#### EXTRACTED MATERIAL ####

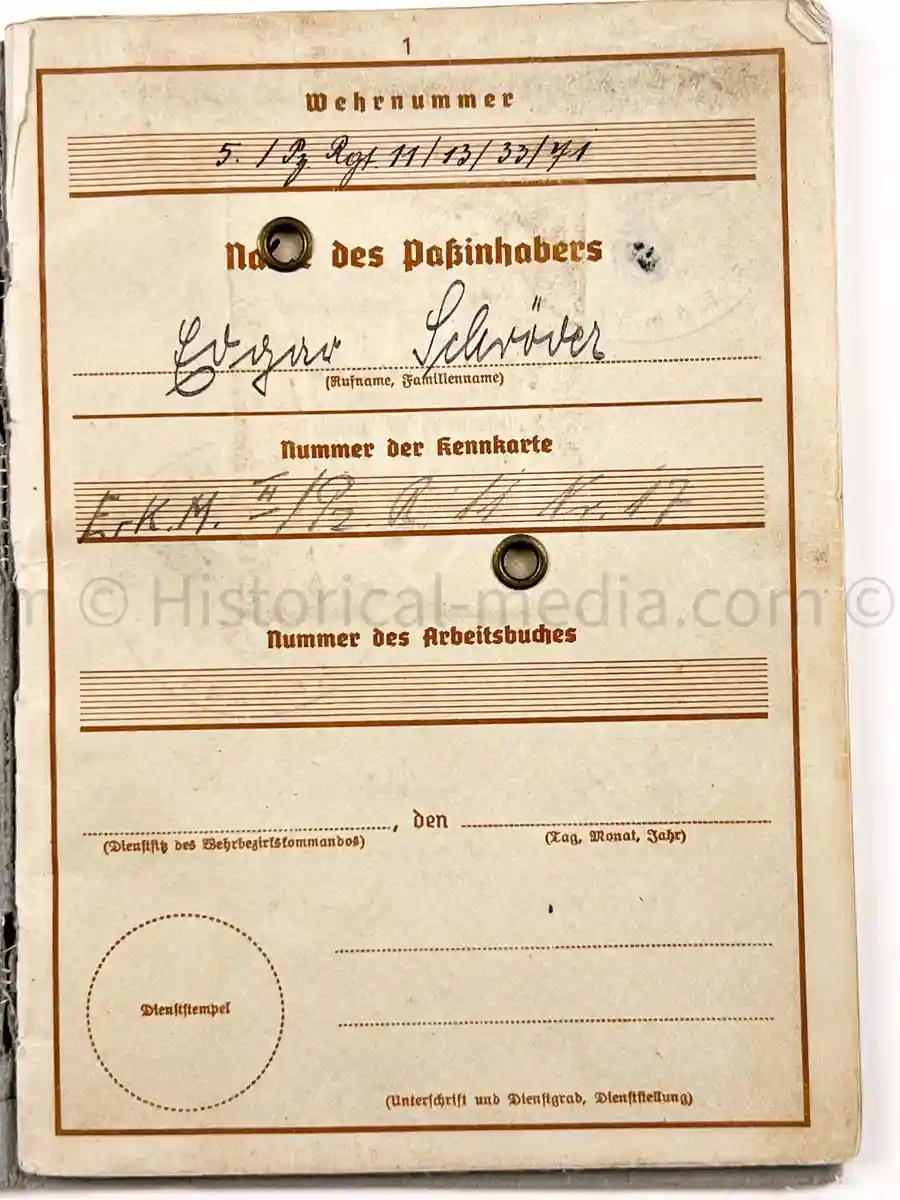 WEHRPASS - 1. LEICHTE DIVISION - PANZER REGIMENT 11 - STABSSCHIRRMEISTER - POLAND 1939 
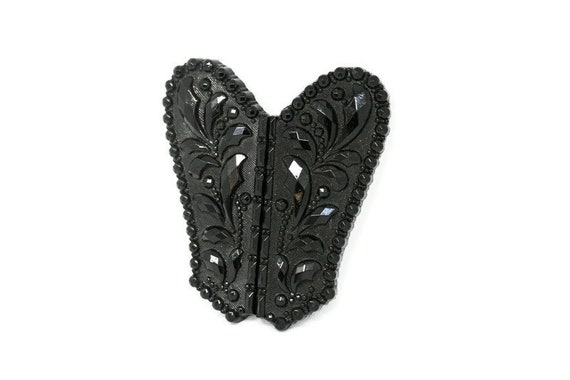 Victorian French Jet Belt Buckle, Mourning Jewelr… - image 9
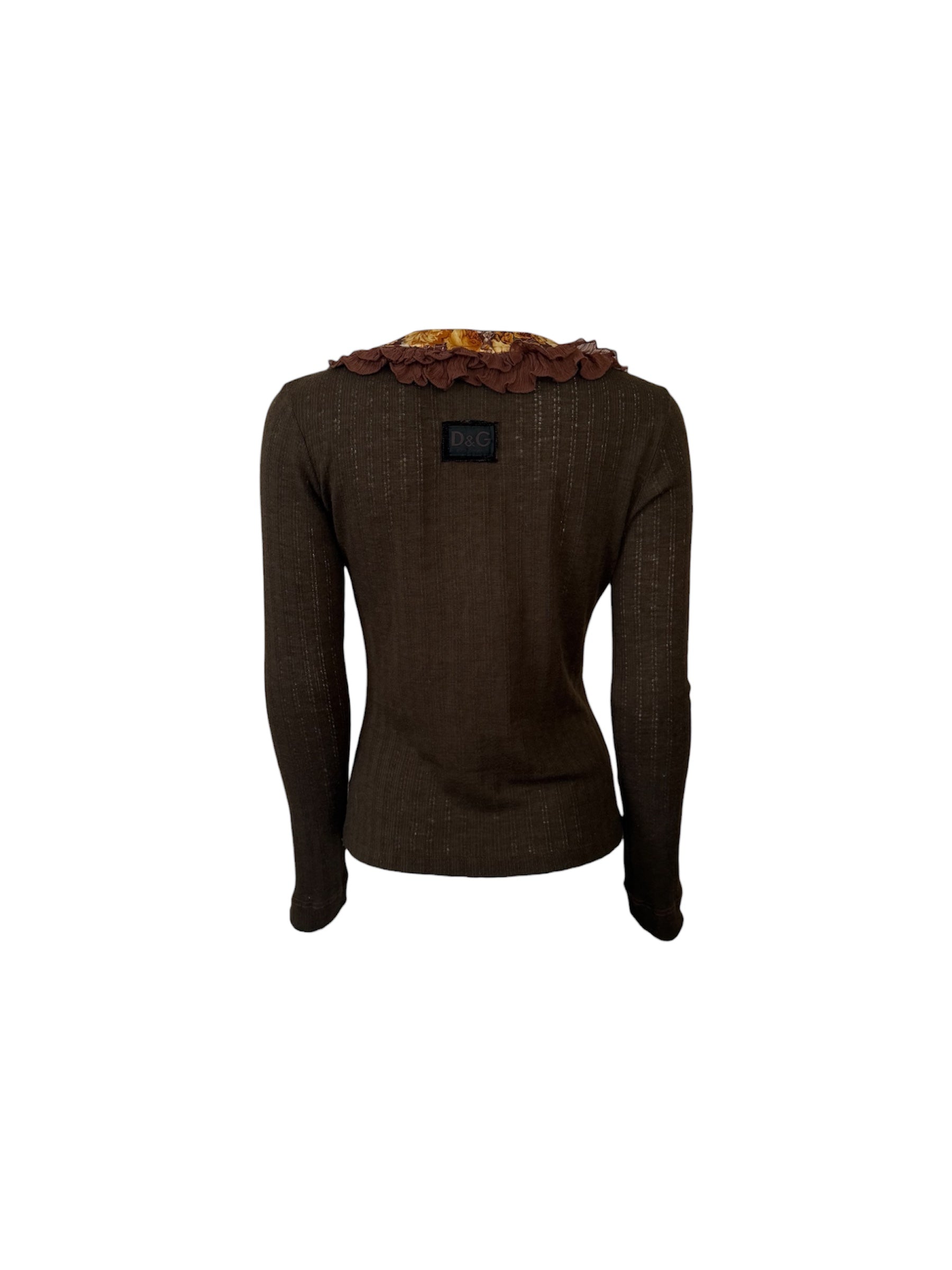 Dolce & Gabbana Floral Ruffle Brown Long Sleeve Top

####
#### EXTRACTED MATERIAL ####

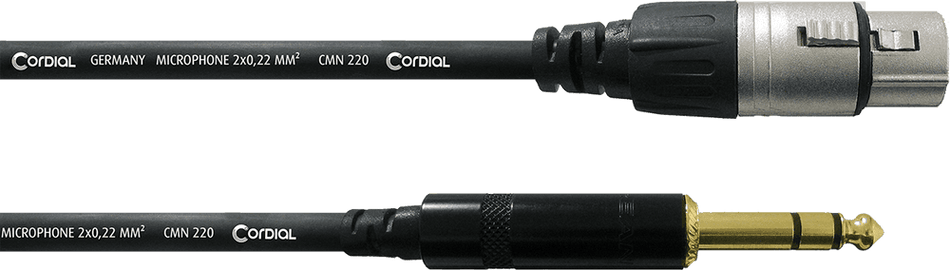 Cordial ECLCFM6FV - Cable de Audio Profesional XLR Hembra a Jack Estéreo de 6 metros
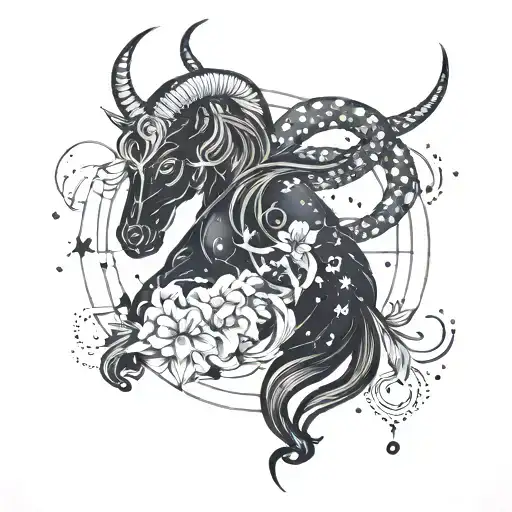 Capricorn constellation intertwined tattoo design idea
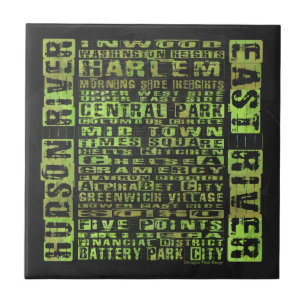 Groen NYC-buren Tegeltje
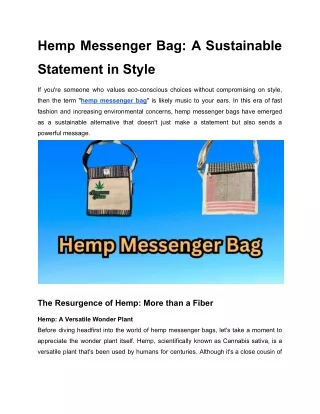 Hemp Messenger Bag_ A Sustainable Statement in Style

####

# [TASK DESCRIPTION]
Go back to the lines above and output, exactly as they stand, the ones from the line containing "WEHRPASS - 1." to the line containing "Dolce & Gabbana". Leave all pictures behind.

# [RESPONSE]
 WEHRPASS - 1. LEICHTE DIVISION - PANZER REGIMENT 11 - STABSSCHIRRMEISTER - POLAND 1939 
 Victorian French Jet Belt Buckle, Mourning Jewelr… - image 9
 Dolce & Gabbana Floral Ruffle Brown Long Sleeve Top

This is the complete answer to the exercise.